DASMx - A microprocessor opcode disassembler

© Copyright 1996, 1997 Conquest Consultants

Version 1.10, 16th July 1997

Introduction

DASMx is a disassembler for a range of common 8-bit microprocessors. The following main processor families are currently supported:

The disassembler takes as input a binary code/data image file (typically a ROM image) and generates either an assembler source file or a listing file. DASMx is a two pass disassembler with automatic symbol generation. DASMx can optionally use a symbol file containing user defined symbols and specifications of data areas within the source image.

DASMx includes a powerful feature called code threading. Using known code entry points (e.g. reset and interrupt vectors) and by performing partial emulation of the processor, the disassembler is able to follow known code paths within a source binary image.

Use of code threading, together with the two pass operation and symbol table management permits readable assembly code output from source images that contain large amounts of data (which tend to confuse most disassemblers).

DASMx is copyright software. This version (1.10) may be distributed and used freely provided that all files are included in the distribution, no files are modified (including the distribution zip file) and no charge is made beyond that reasonable to cover copying (say 5 UK pounds).

Historical note: DASMx version 1.10 supersedes the Motorola 680x disassembler, dasm6800 (last released as version 1.00 on 25th January 1997). The change of name reflects the wide range of processors that are now covered.

Summarising, the key features of DASMx are:

Version history

Version
Date
Comments
0.90
28th July 1996
First public release (as dasm6800): with support for 6800/6802/6808 only.
1.00
25th January 1997
Second release (as dasm6800): 6801/6803 and 6809 support added; other improvements in performance and listing output.
1.10
16th July 1997
Third release (now renamed DASMx): 6502, Z80 and 8048 processor support added; minor improvements and bug fixes.

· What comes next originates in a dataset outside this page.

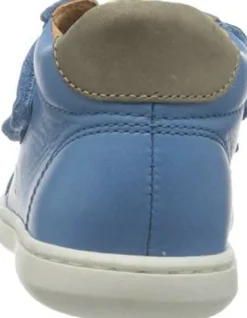 Jungen Halbschuhe blau Tate sky blue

The changes from version 1.00 are:

The changes between versions 0.90 and 1.00 were:

Copyright

DASMx and all associated documentation is copyright by Conquest Consultants.

Disclaimer

DASMx comes without any express or implied warranty. You use this software at your own risk. Conquest Consultants have no obligation to support or upgrade this software. Conquest Consultants cannot be held responsible for any act of copyright infringement or other violation of applicable law that results from use of this disassembler software.

Distribution

DASMx is copyright software. This version (1.10) may be distributed and used freely provided that all files are included in the distribution, no files (including the distribution zip file) are modified and no charge is made beyond that reasonable to cover copying (say 5 UK pounds). Conquest Consultants reserve the right to alter the free distribution and use terms for any future versions or derivatives of DASMx that may be produced.

DASMx version 1.10 is distributed as file dasmx110.zip in the /msdos/disasm section of the Simtel archive. Provided that the above distribution terms are adhered to, this file may be freely copied to and mirrored at other ftp and WWW sites.

Operation

Before describing the operation of DASMx in detail, here is an overview of how the disassembler will be typically used in practice.

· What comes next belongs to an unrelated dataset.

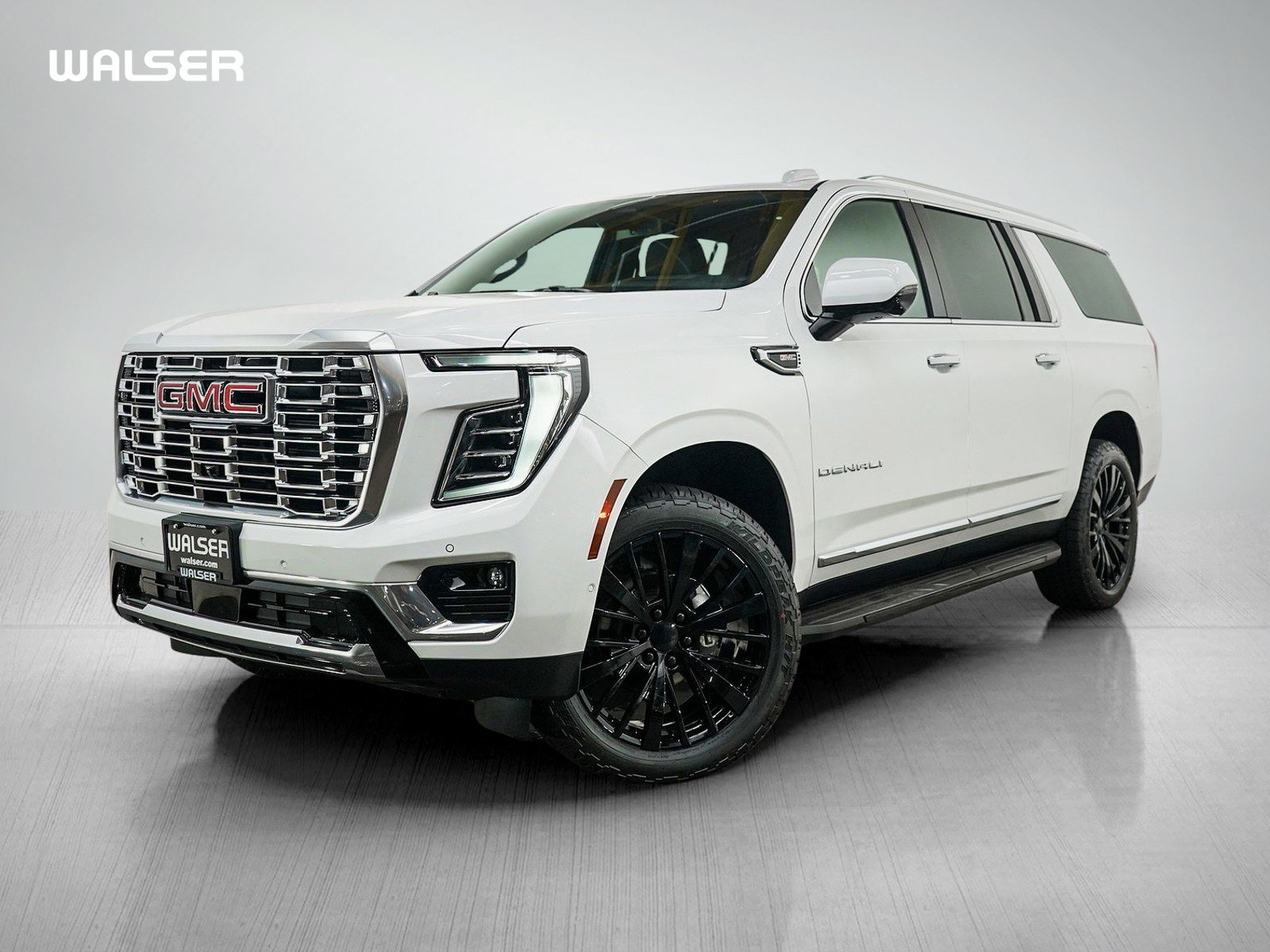 Used 2025 GMC Yukon XL Denali AWD/4WD image 1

First, you must obtain a file containing a binary image of the code/data that you wish to disassemble. Typically, this will be from one or more ROMs or EPROMs that have been read using a PROM programmer. Some PROM programmers output data in a form of ASCII hexadecimal format (Intel and Motorola are two common formats). If that is the case, then you must use a conversion utility to generate a raw binary image. A good check that you have a correct binary image of a complete ROM is that the file length (shown by a DIR command) will be a power of two and will correspond to the length of the ROM. For example, the file size of a complete image of a 27256 EPROM will be 32,768 bytes.

Assuming at this stage that you do not know which areas of the binary image are code and which are data, it is sensible to use the code threading feature. For code threading to work, you must provide at least one code entry point. This requires code, vector or vectab entries in a symbol file. For example, if you are disassembling a ROM image from the uppermost region of the 6800 microprocessor address space, then four vector entries for the standard interrupt and reset vectors will be all that is initially required to provide the necessary entry points. You can also improve the readability of the disassembled output by defining symbols for all known hardware addresses (e.g. PIA registers and other ports).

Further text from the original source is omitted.